(CNN) — President Donald Trump pardoned two men on Tuesday who were involved in a dispute with federal authorities over federal land usage that sparked the takeover of a wildlife refuge in Oregon.

Dwight Hammond Jr. and his son Steven Hammond were granted executive grants of clemency by Trump, according to a White House statement. The father-son duo are cattle ranchers and were convicted in 2012 of committing arson on federal lands in Oregon.

“Justice is overdue for Dwight and Steven Hammond, both of whom are entirely deserving of these Grants of Executive Clemency,” the statement read.
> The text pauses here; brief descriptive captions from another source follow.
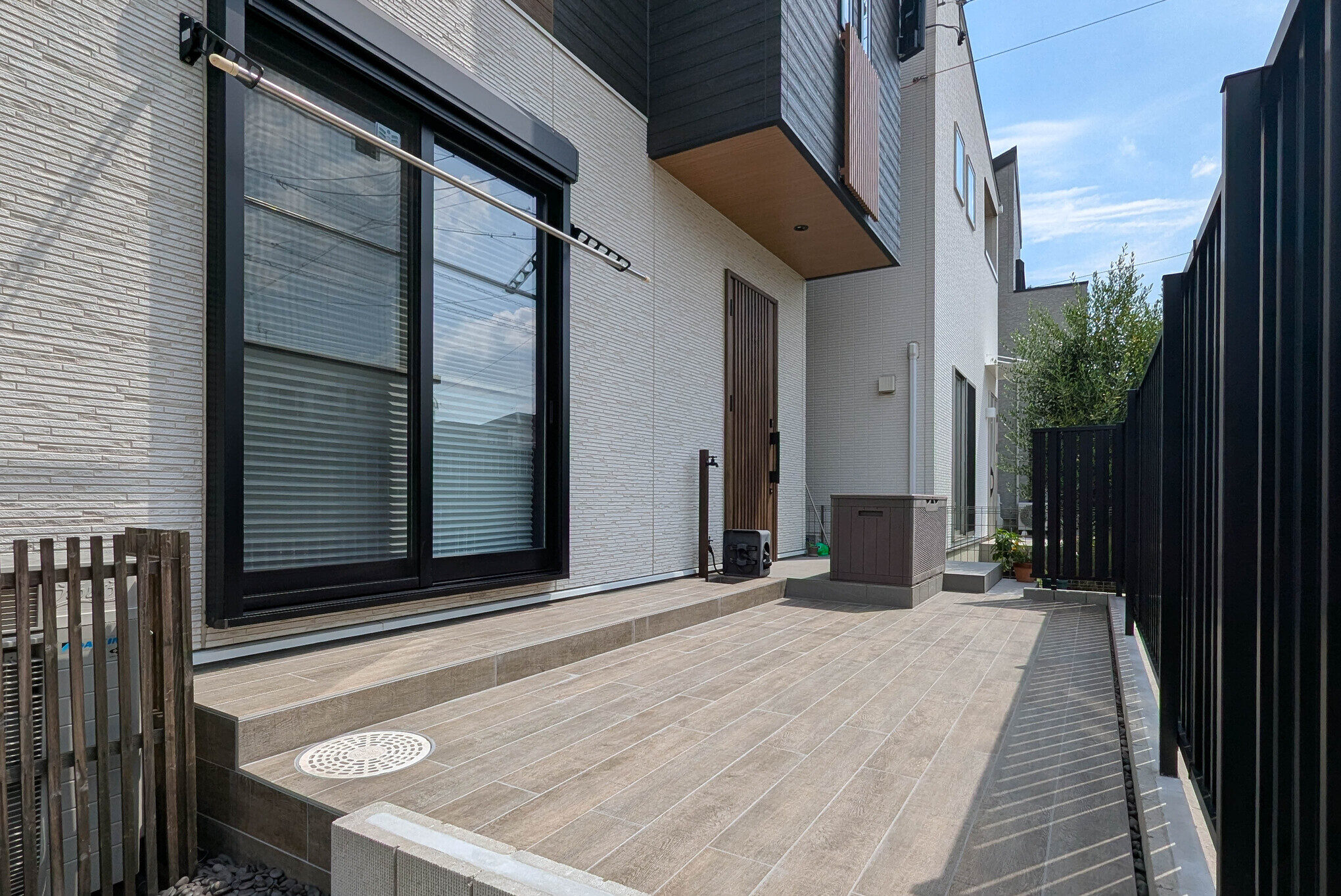 既存のお庭をもっと使いやすくアップデート　ウッド調タイル　北名古屋市
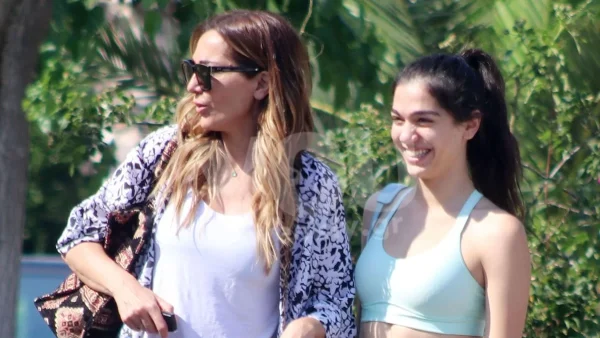 Με κολάν και αθλητικό μπουστάκι - Η Δέσποινα Βανδή ''λιώνει'' στο γυμναστήριο του συντρόφου της κόρη της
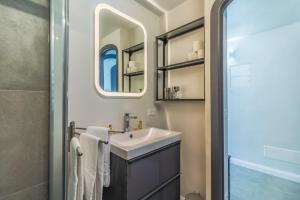 波托菲诺Stella by PortofinoHomes的一间带水槽和镜子的浴室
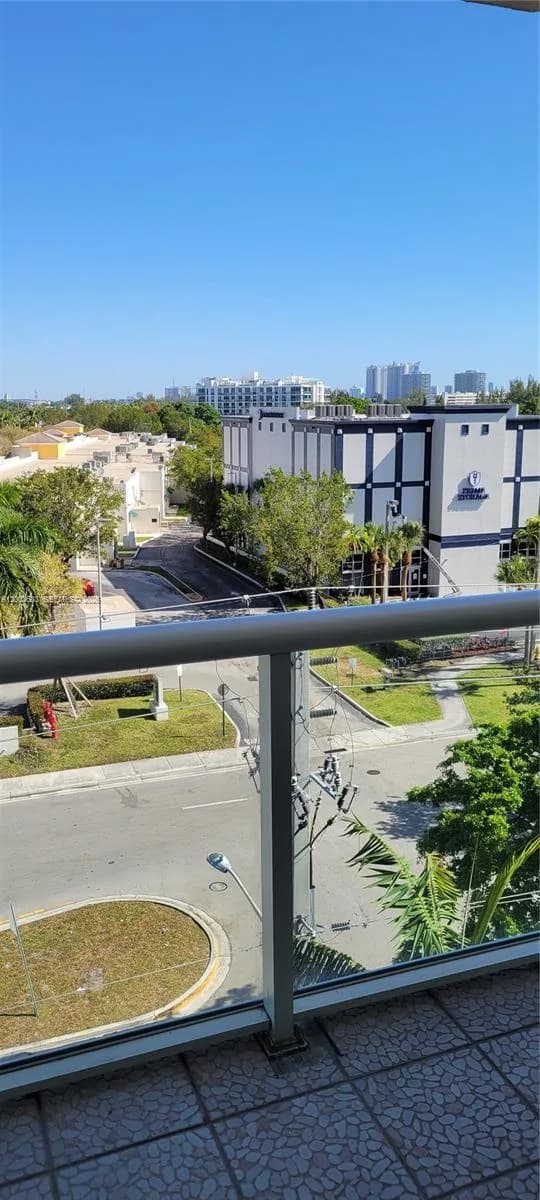 13499 Biscayne Blvd # 511, North Miami, FL 33181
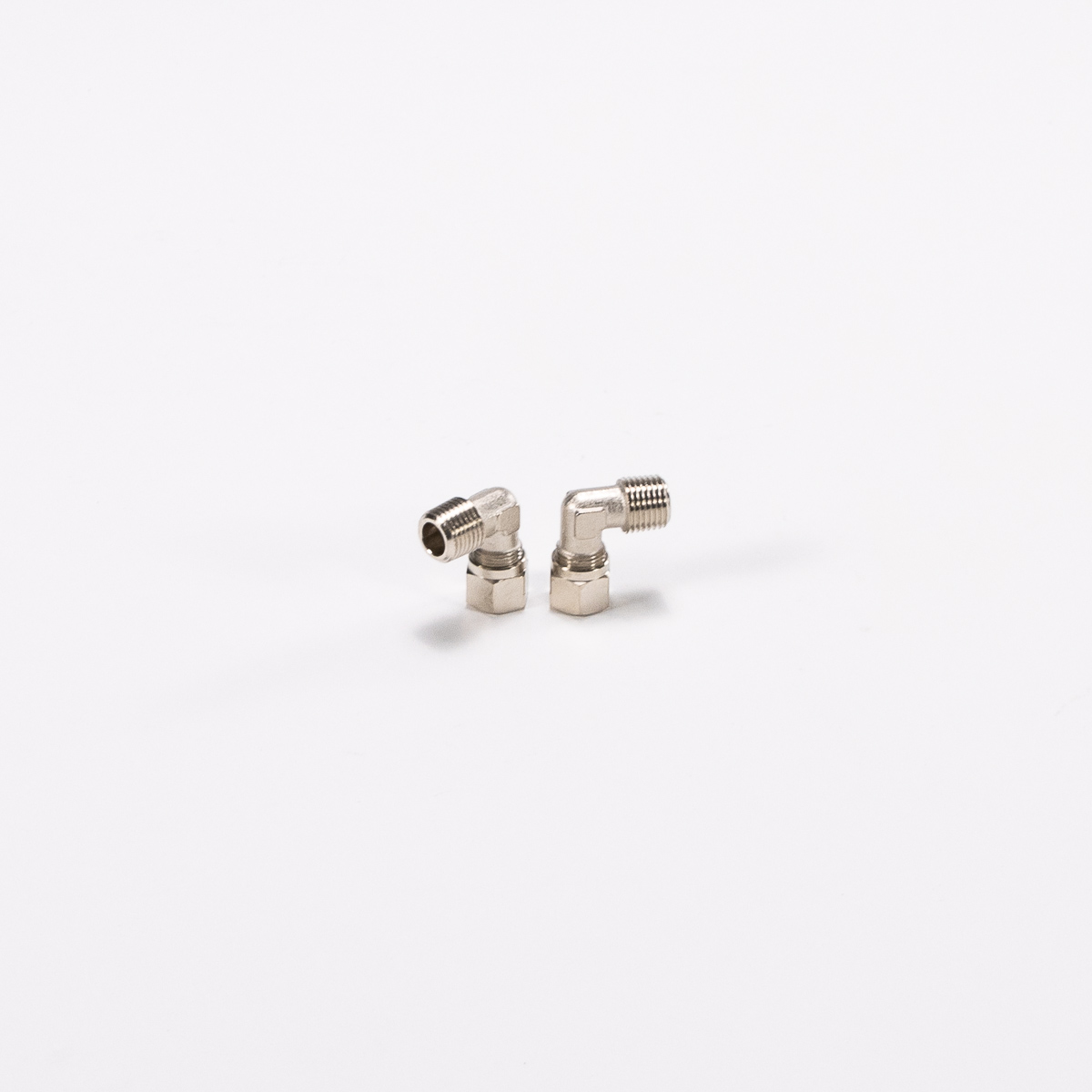 Angular screwed union R1/4-D8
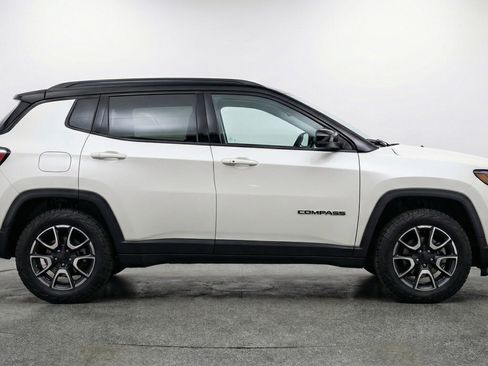 Used 2025 Jeep Compass Trailhawk AWD/4WD image 11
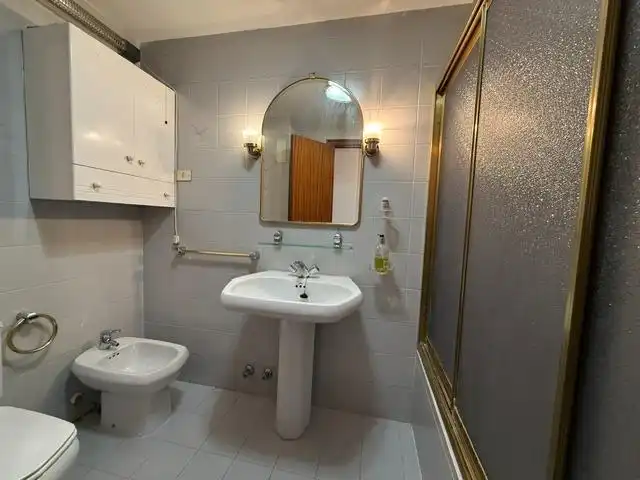 Baño de Piso de alquiler en Murcia con Aire acondicionado y Amueblado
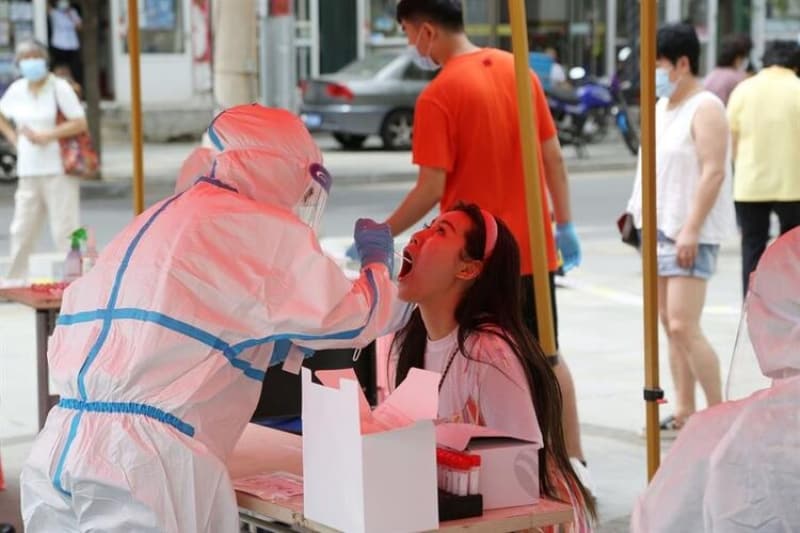 <p class='MsoNormal'>Hatta Singapur Üniversitesi'nden bilim insanlarına göre bu  mutasyon bulaşma hızını artırırken öldürücü olmaktan uzaklaşıyor bile olabilir.  Bu da uzmanlara koronavirüse çare bulmak için zaman kazandırabilir.</p>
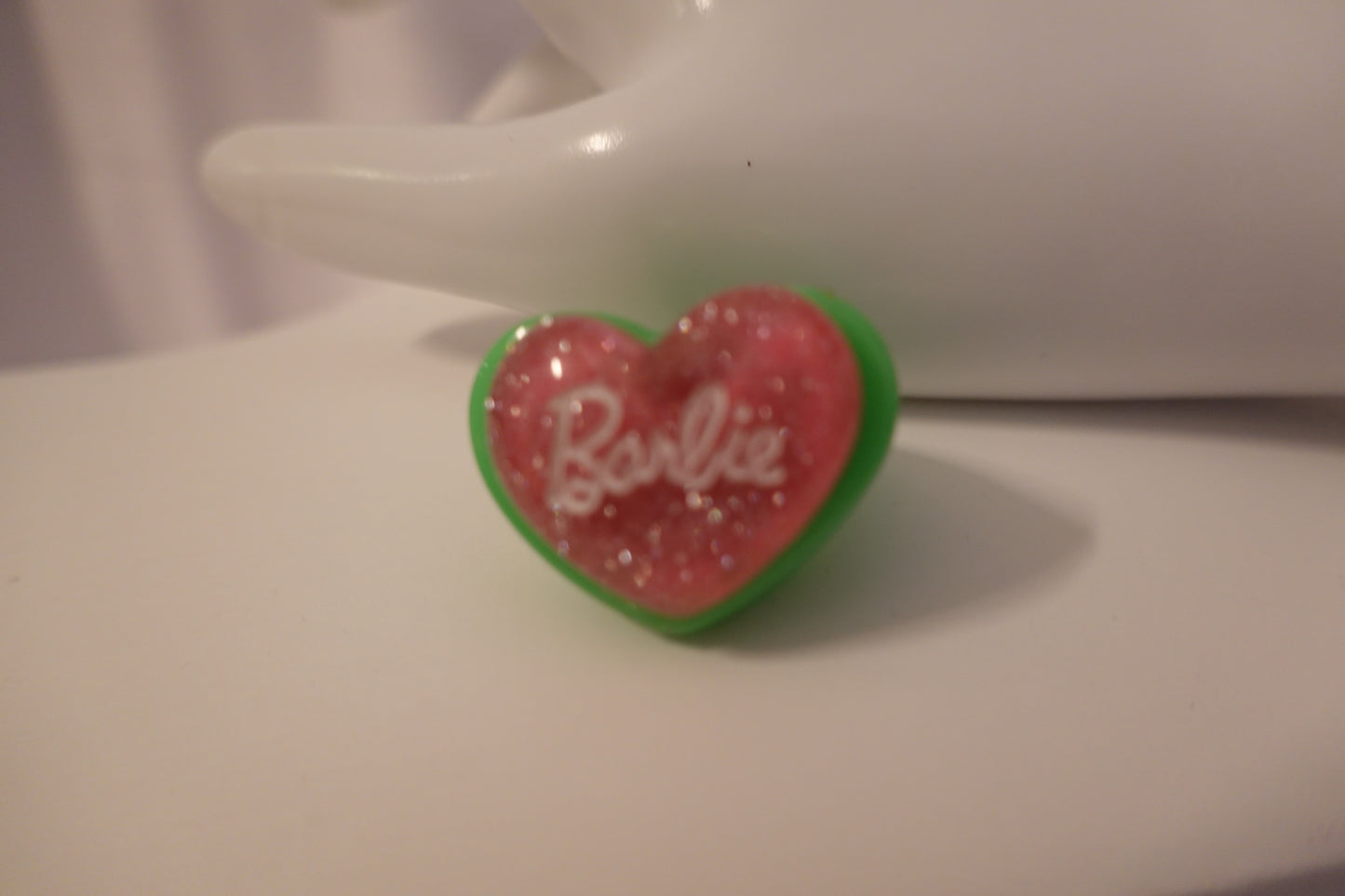 Vintage 1990's Barbie Heart Pink & Green Glitter Resin Ring Size 8 (EUC)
Kim Rollims, 64, holds a sign in support of the Hammond Family in front of the Harney County Chamber of Commerce January 27, 2016 in Burns, Oregon.
Authorities called January 27, 2016 on anti-government protesters refusing to leave a US federal wildlife reserve in Oregon to “move on,” after a member of the group was killed as police tried to arrest him. The gunmen originally took over the reserve in protest at the jailing of two local ranchers, Dwight Hammond and his son Steven, who were convicted of arson. (Photo credit: ROB KERR/AFP/Getty Images)

The Trump White House took aim at the Obama administration as well, adding that it filed an “overzealous appeal” that led to the two men’s five-year prison sentence: “This was unjust.”

Dwight Hammond has served approximately three years in prison, and his son Steven has served four years, according to the White House.

The Hammonds said they started a fire on their property in 2001 to protect it from wildfires and reduce the growth of invasive plants, but that the fire got out of hand, CNN affiliate KTVZ reported. Prosecutors said in 2016 they set fires to cover up evidence of poaching.

“The jury convicted both of the Hammonds of using fire to destroy federal property for a 2001 arson known as the Hardie-Hammond fire, located in the Steens Mountain Cooperative Management and Protection Area,” Department of Justice said in a statement in January 2016.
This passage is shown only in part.